Marshall’s representation of Paris as a more sexually “unconventional” city only highlights in The Fisher King the ways in which Paris was also racially conservative. It did, of course, hold the promise of freedom for many black Americans, particularly in the mid-twentieth century; but then, and now, in Paris the “lived experience of race – more saliently, anti-blackness – belies the colorblind principle enshrined in the universalist-humanist thought upon which the Republic was forged” (Keaton 2). Thus, in The Fisher King, Sonny-Rett finds that the city that once gave him the freedom to become the Jazz musician he could not be in America slowly closes ranks, stripping him of everything but the myth of acceptance. In her essay on the “profound and profane” talent that propels Sonny-Rett into exile, Petal Samuel deftly traces the constant physical and musical “disciplining” he experiences on both sides of the Atlantic. Samuel argues that the anti-black regulation depicted in the novel parallels global sanctions against black bodies and music today. Jazz, however, may offer the possibility of escape, a small aperture not only for Sonny-Rett, but also for the women who surround/support him. In “‘Her Special Music’: Wild Women and Jazz in Paule Marshall’s The Fisher King,” Patricia G. Lespinasse shifts the frame of the novel from Sonny-Rett to the women around him, reading these female characters as central to jazz and its promise of freedom.
Both Samuel and Lespinasse figure jazz as paradigmatic of Marshall’s characteristic representation of the African diaspora as gloriously heterogeneous but foundationally interconnected. In her most recent publication, the memoir Triangular Road, Marshall details her literal and textual journeys through the African diaspora, offering readers glimpses into how black geographies influence her fiction. Paying special attention to the bodies of water Marshall uses to organize her memoir (the James River, the Caribbean Sea, the Atlantic Ocean), Lia T. Bascomb argues that the fluidity of Marshall’s narrative of her artistic development situates the text within the genre of “biomythography,” à la Audre Lorde’s Zami.

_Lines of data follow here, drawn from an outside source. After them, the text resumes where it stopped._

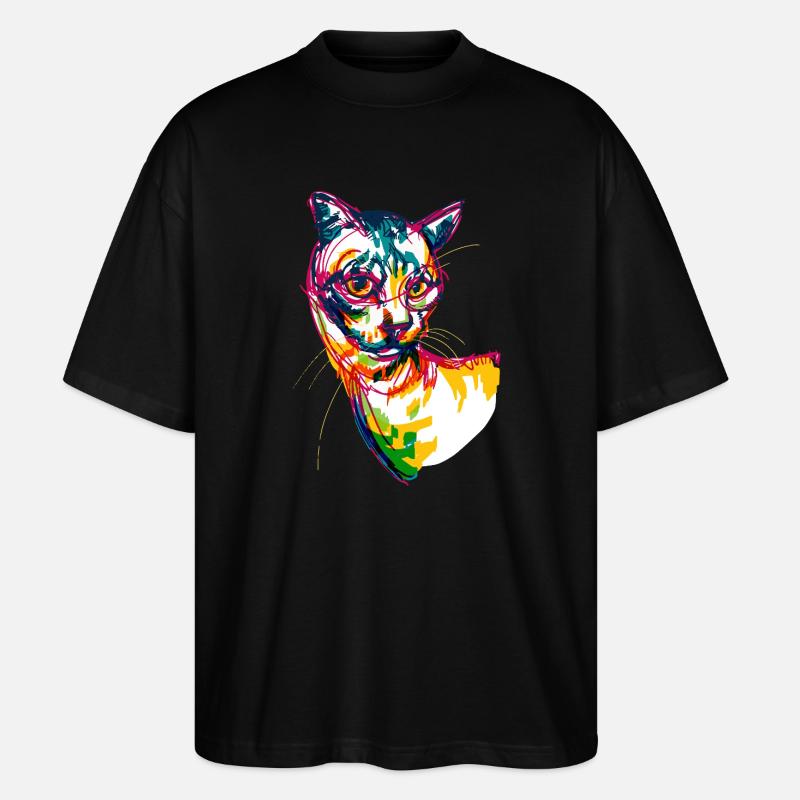 Neon Cat - T-shirt bio Blaster 2.0 coupe oversize Stanley/Stella Unisexe - noir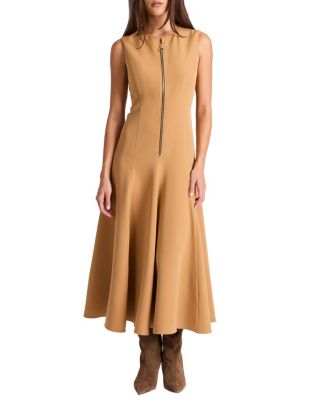 Sunny Sleeveless Midi Dress with Front Zipper in Stretch Crepe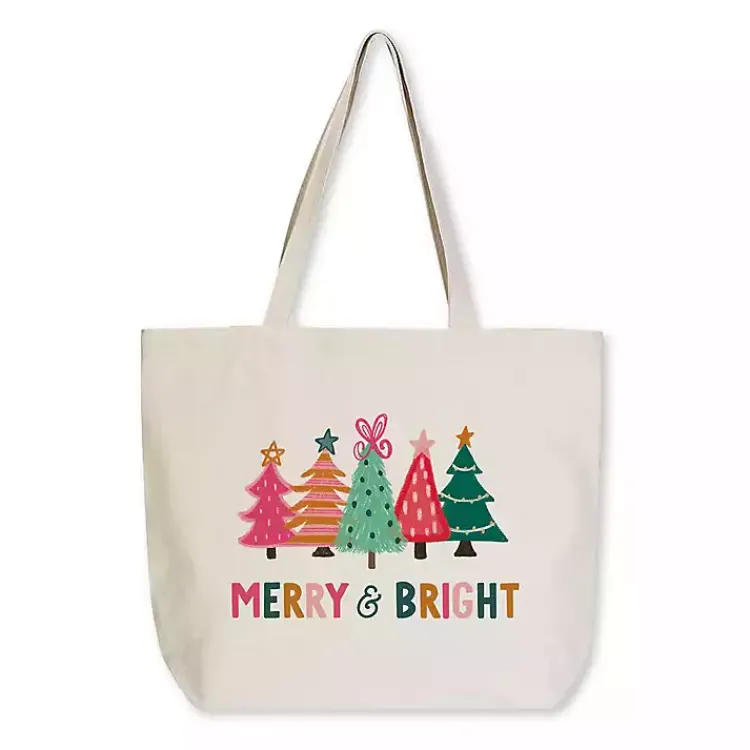 Christmas Decorations>Kirklands Home Merry & Bright Whimsy Wonderland Canvas Tote Bag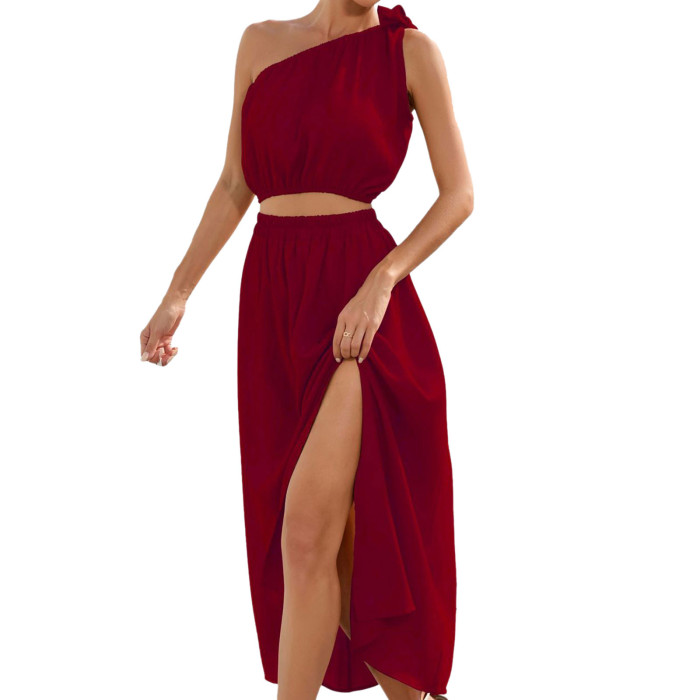 Summer Fashion One Shoulder Bow Knot Suit Slit Swing  Maxi Dress
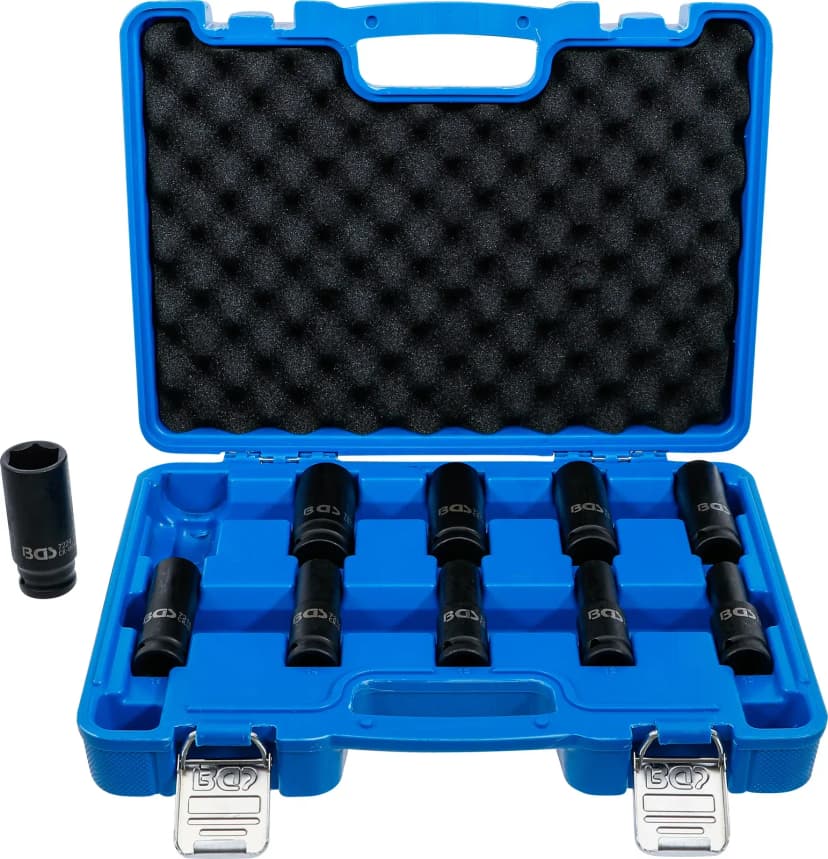 Set udarnih nasadnih ključev, šestrobi, globoki, pogon 12.5 mm (1/2"), 10 - 24 mm, 10-delni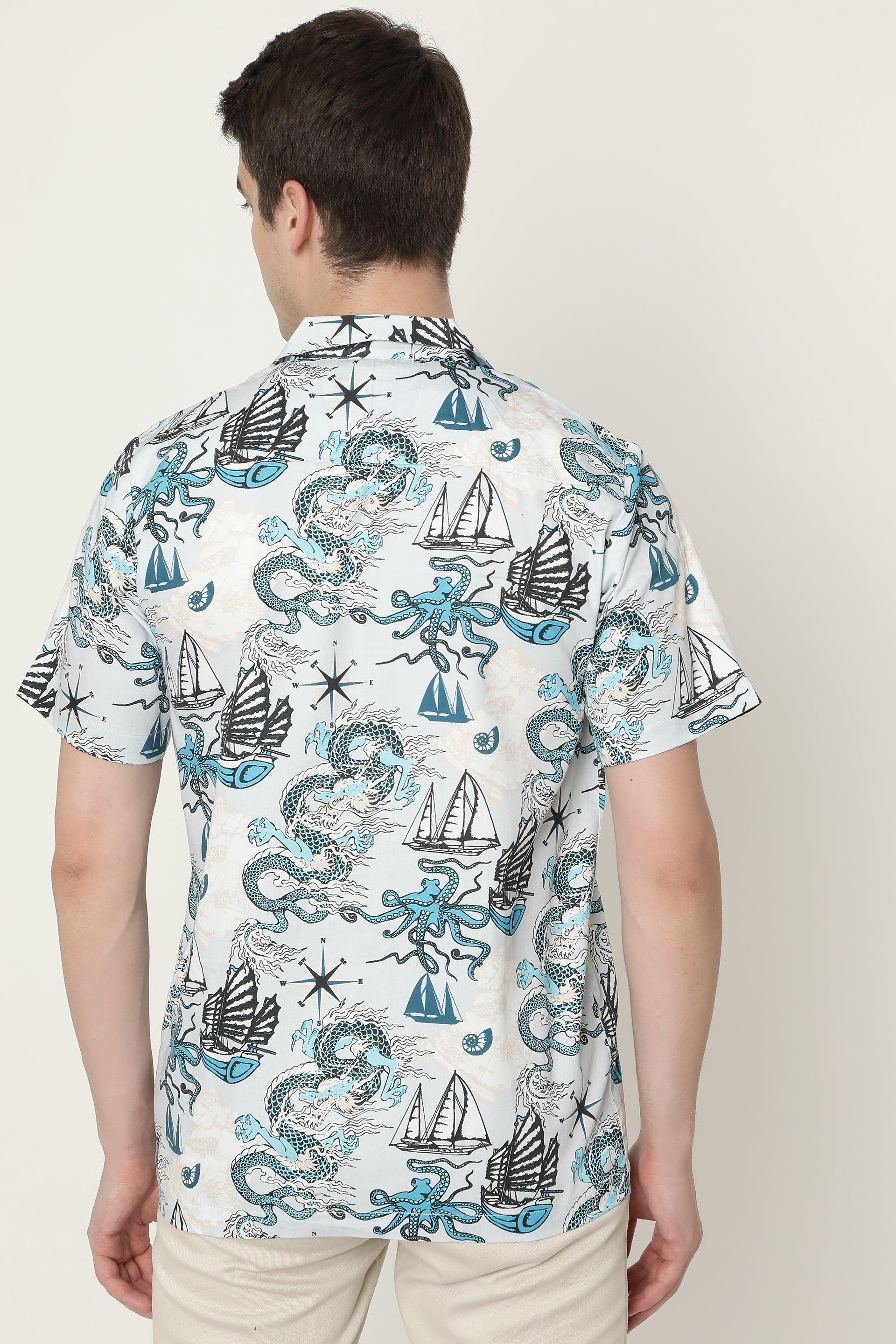 Pattern of Asian Dragon, Octopus and Sea Voyages Mens Printed Premium Cotton Shirt by Black Jack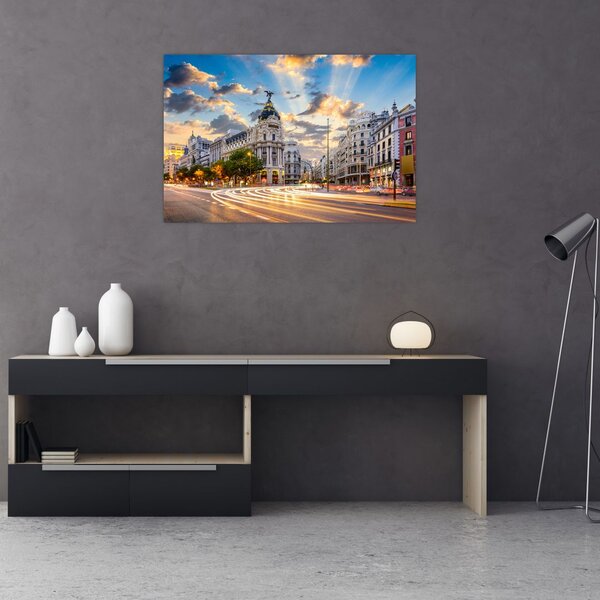 Slika - Calle Gran Vía, Madrid, Španija (90x60 cm)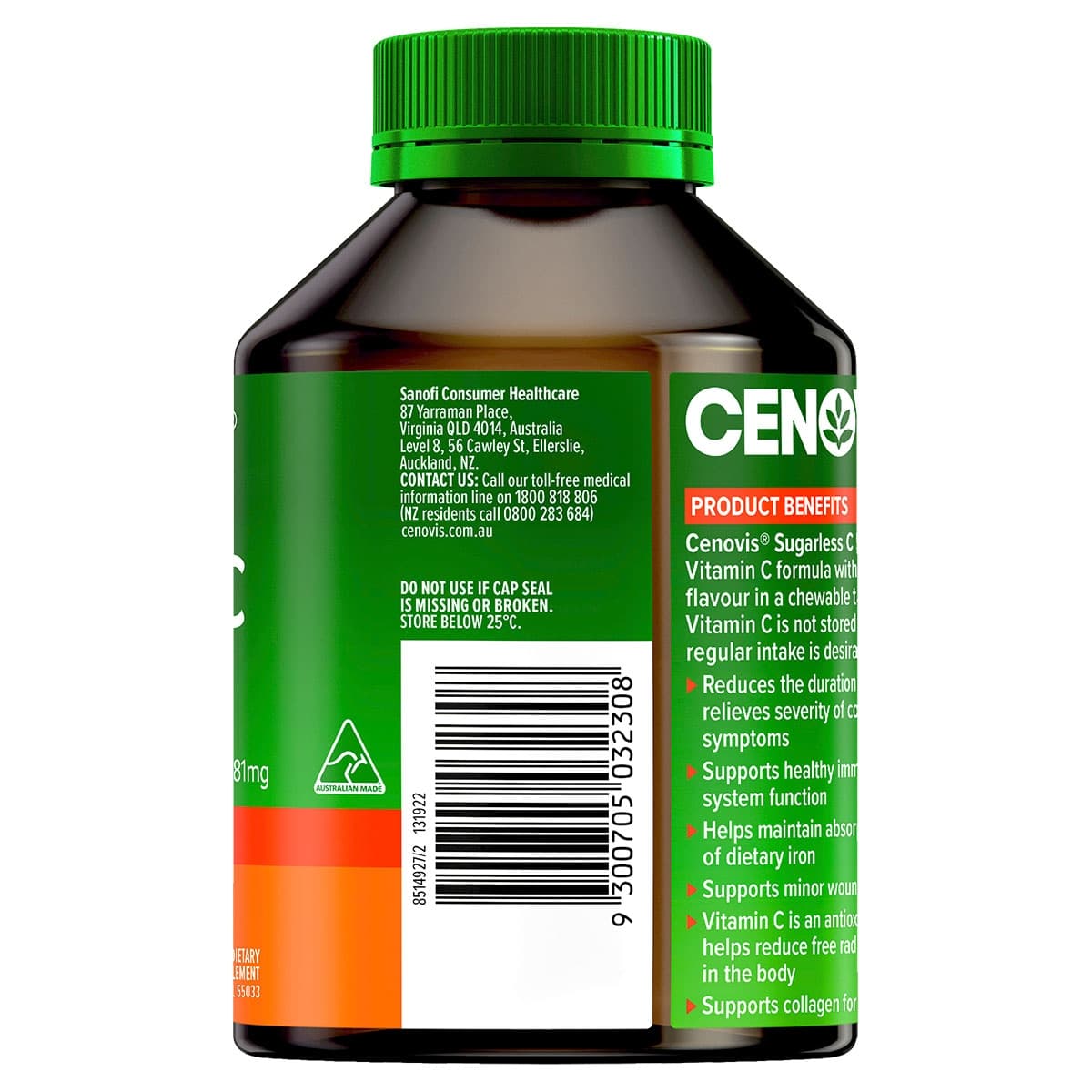 Thumbnail Cenovis Sugarless Vitamin C 500mg Orange 300 Tablets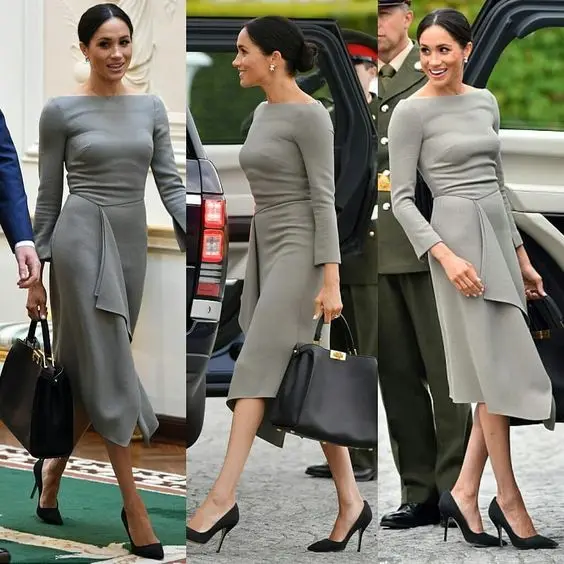 Серое платье для матери невесты свадебное длиной ниже колена 2021 стильные женские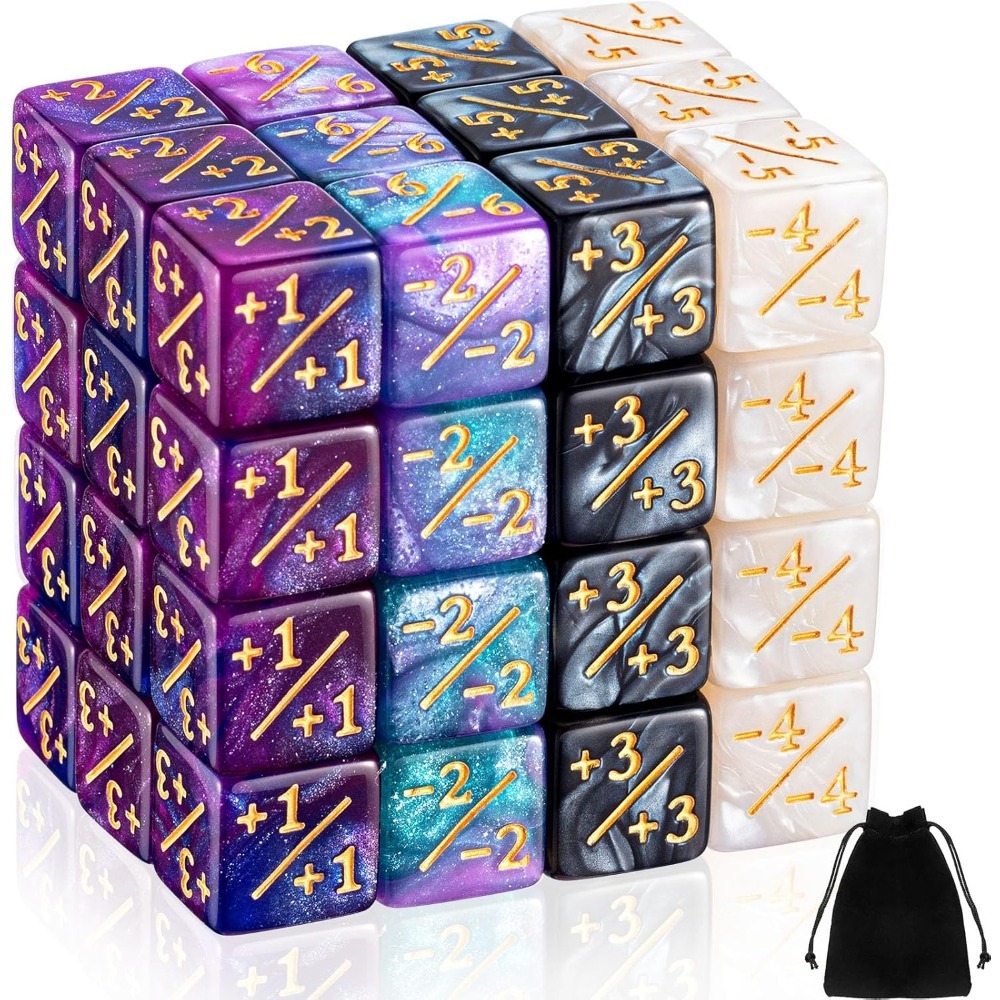 Game Token Counter - 48 Stuks Tellerdobbelstenen -1/+1 Tellers Mogelijkheid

Closing out this collection of articles is Jason T. Hendrickson’s “‘How You Mean?’: Black Vernacular English, Respectability Politics, and the Enduring Legacy of Paule Marshall,” which returns us to Marshall’s first two novels while connecting her mastery of language to a range of twenty-first century linguistic performances, from the weight of Rachel Jeantel’s testimony about Trayvon Martin to the wittiness of Black twitter. Via these linguistic links, Hendrickson emphasizes the defining thread of this special issue: the bittersweet prescience of Marshall’s depictions of intersectional identity and the ways her words remain vibrant today, nearly sixty years after her first publication.